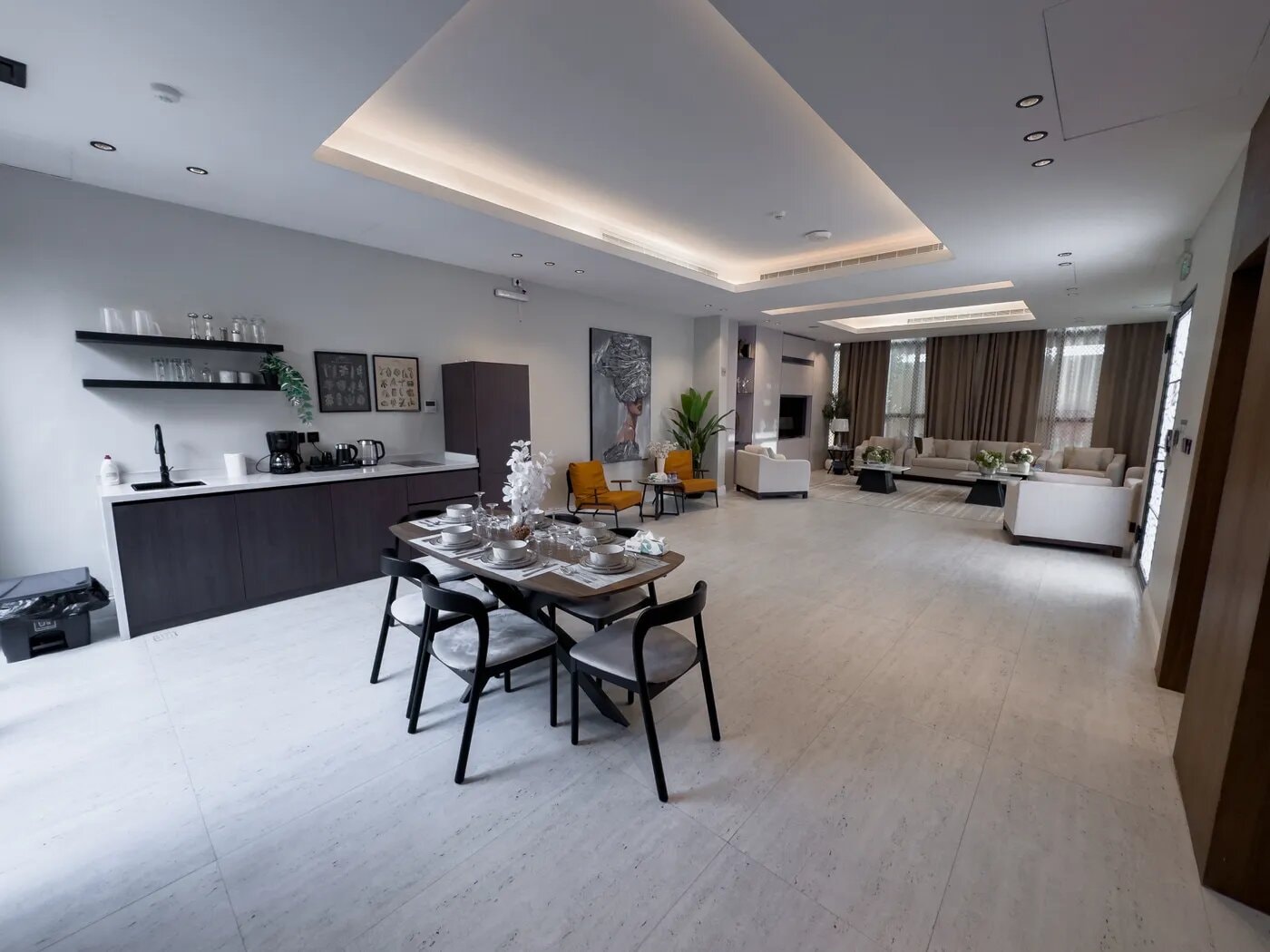 شاليه بجلسة خارجية 4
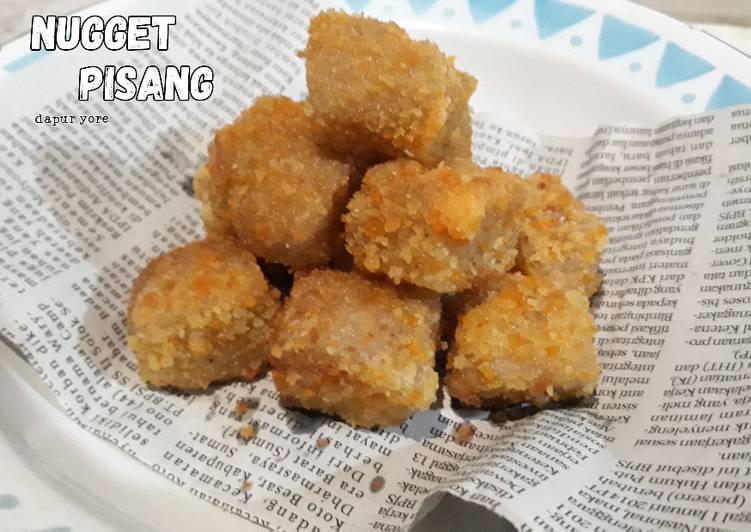 #48 Nugget Pisang Eggless (Camilan Simple) ๐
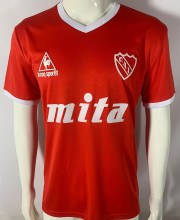 1986/88 Atlético Independiente Home Red Retro Soccer Jersey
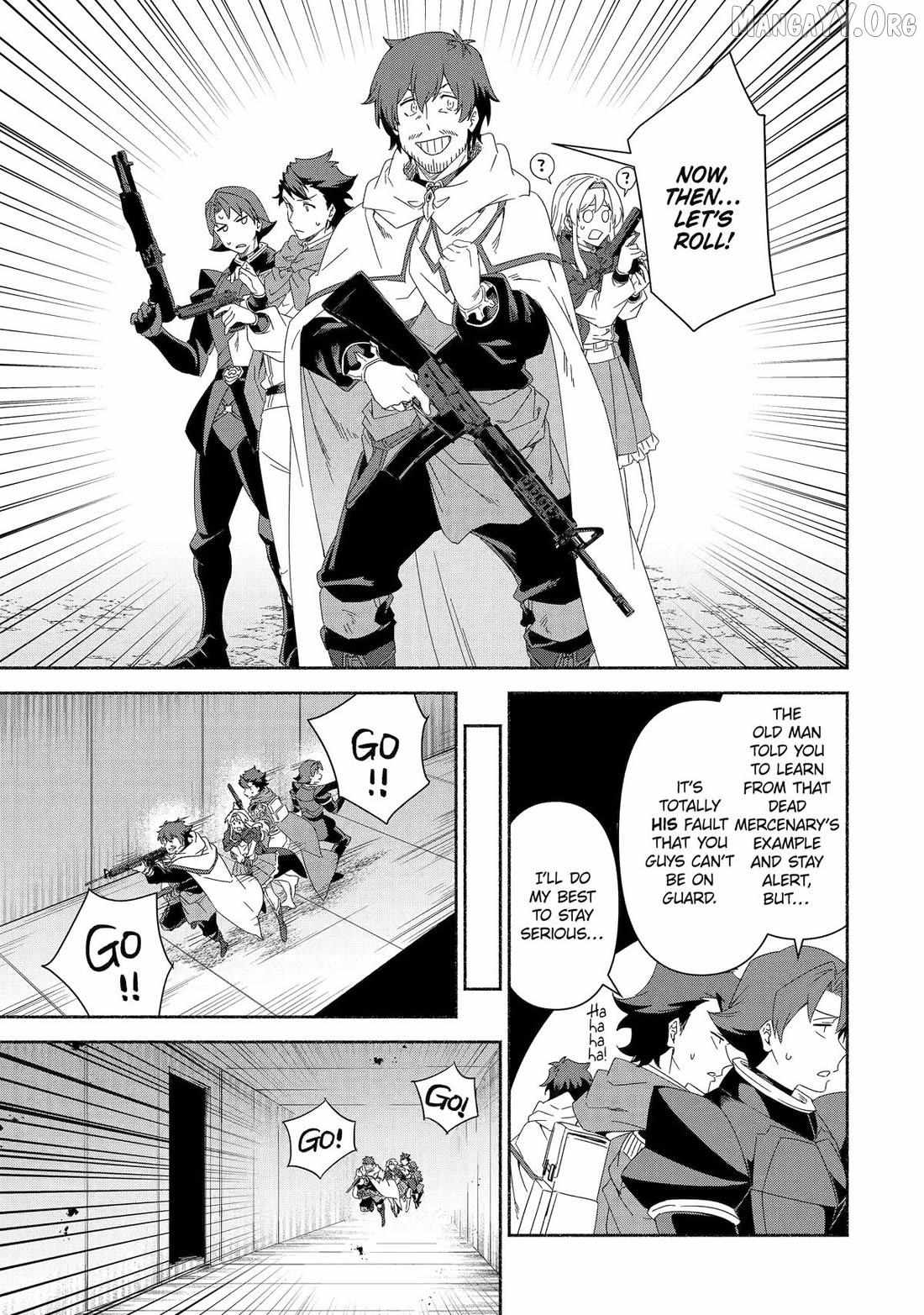 The Diary Of A Sage Around 40 Living In Another World Chapter 86 - Page 11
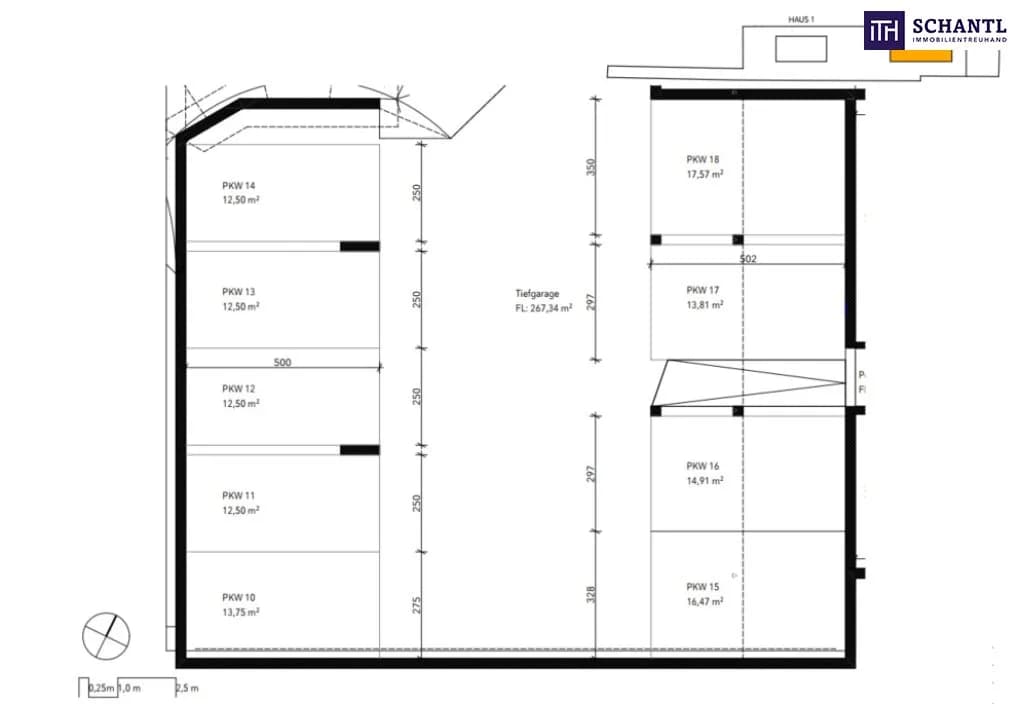 2-Zimmer-Wohnung kaufen in Graz – 44,8 m², € 271.900 – Bild 11 von 19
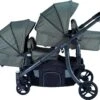 X Adventure Duo Kinderwagen / Tweeling Kinderwagen – Emerald Green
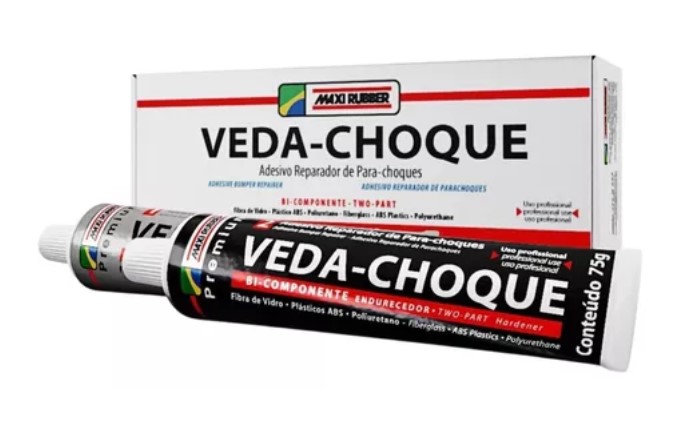 VEDA CHOQUE 145+145GRS KIT MAXI RUBBER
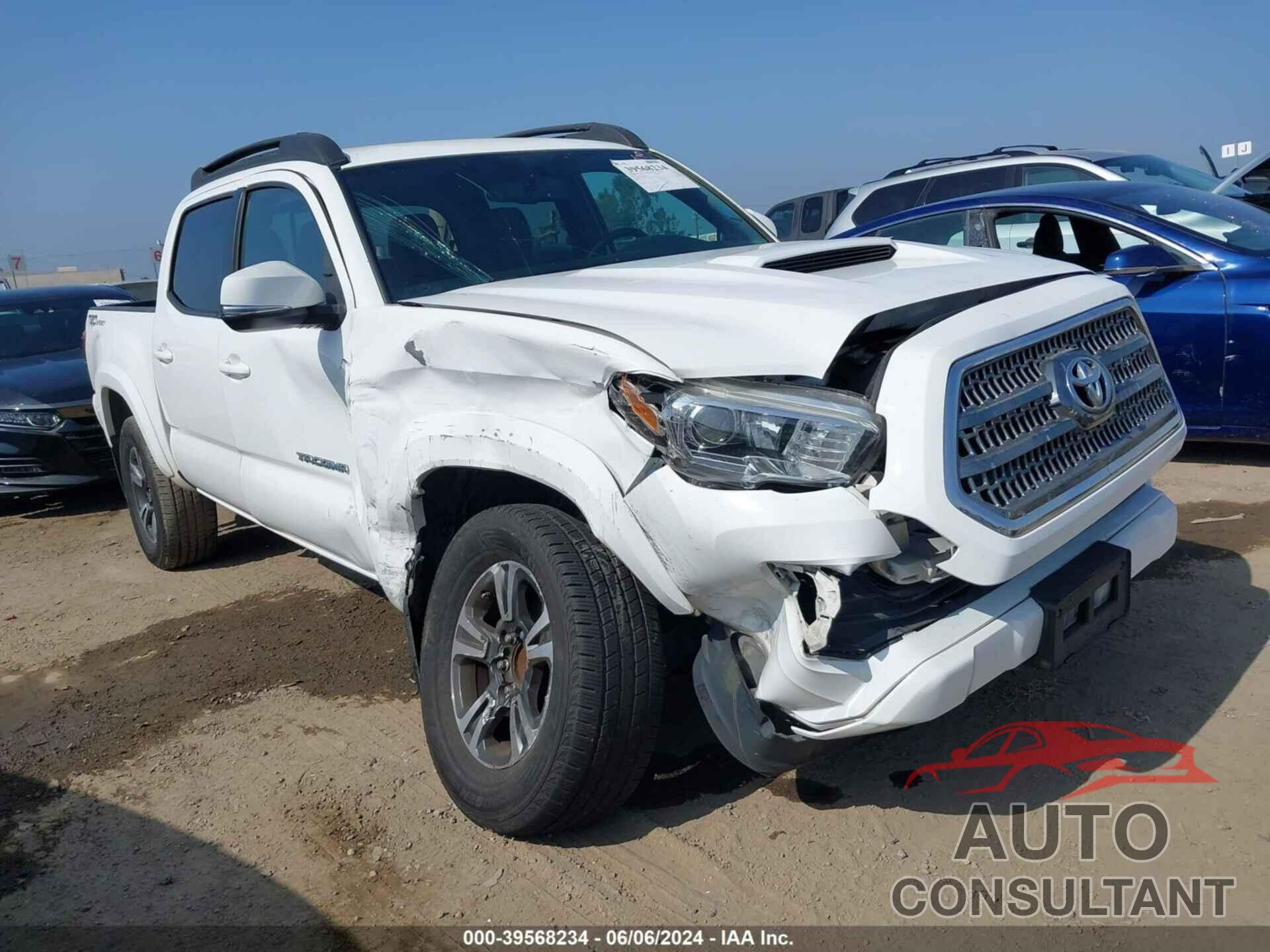 TOYOTA TACOMA 2017 - 3TMAZ5CN0HM051716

• The task: Copy the data above word for word. Pictures stay out.

• Completed exercise:
 شاليه بجلسة خارجية 4
 #48 Nugget Pisang Eggless (Camilan Simple) ๐
 1986/88 Atlético Independiente Home Red Retro Soccer Jersey
 The Diary Of A Sage Around 40 Living In Another World Chapter 86 - Page 11
 2-Zimmer-Wohnung kaufen in Graz – 44,8 m², € 271.900 – Bild 11 von 19
 X Adventure Duo Kinderwagen / Tweeling Kinderwagen – Emerald Green
 VEDA CHOQUE 145+145GRS KIT MAXI RUBBER
 TOYOTA TACOMA 2017 - 3TMAZ5CN0HM051716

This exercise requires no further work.